## The records
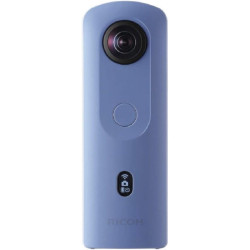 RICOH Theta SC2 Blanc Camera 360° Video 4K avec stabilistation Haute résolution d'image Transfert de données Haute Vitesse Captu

---

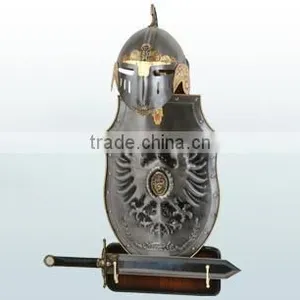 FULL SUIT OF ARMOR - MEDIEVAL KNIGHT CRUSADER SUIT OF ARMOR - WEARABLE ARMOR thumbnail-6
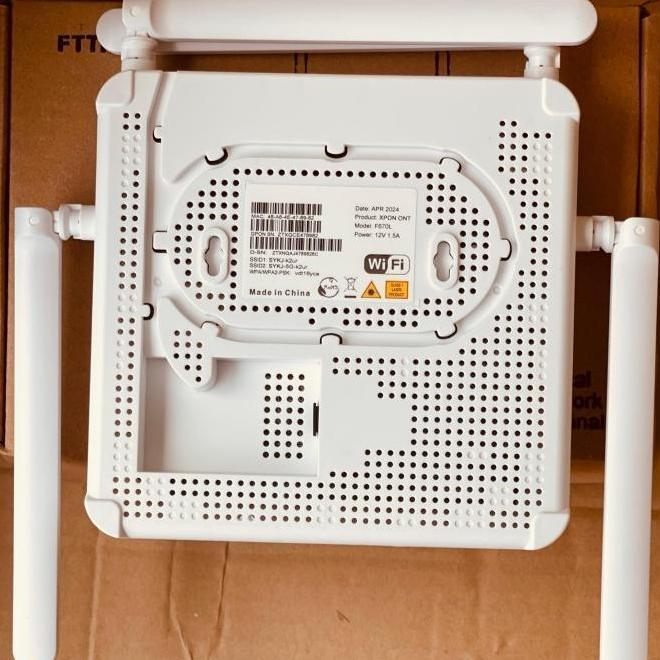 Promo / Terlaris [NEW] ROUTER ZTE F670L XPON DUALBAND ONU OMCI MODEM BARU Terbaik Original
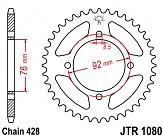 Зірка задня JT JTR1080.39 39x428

## Task description
Starting with the line that has "FULL SUIT OF" and ending with the line that has "Зірка задня JT JTR1080.39 39x428", repeat the lines above exactly, omitting every picture.

## Task solution
 FULL SUIT OF ARMOR - MEDIEVAL KNIGHT CRUSADER SUIT OF ARMOR - WEARABLE ARMOR thumbnail-6
 Promo / Terlaris [NEW] ROUTER ZTE F670L XPON DUALBAND ONU OMCI MODEM BARU Terbaik Original
 Зірка задня JT JTR1080.39 39x428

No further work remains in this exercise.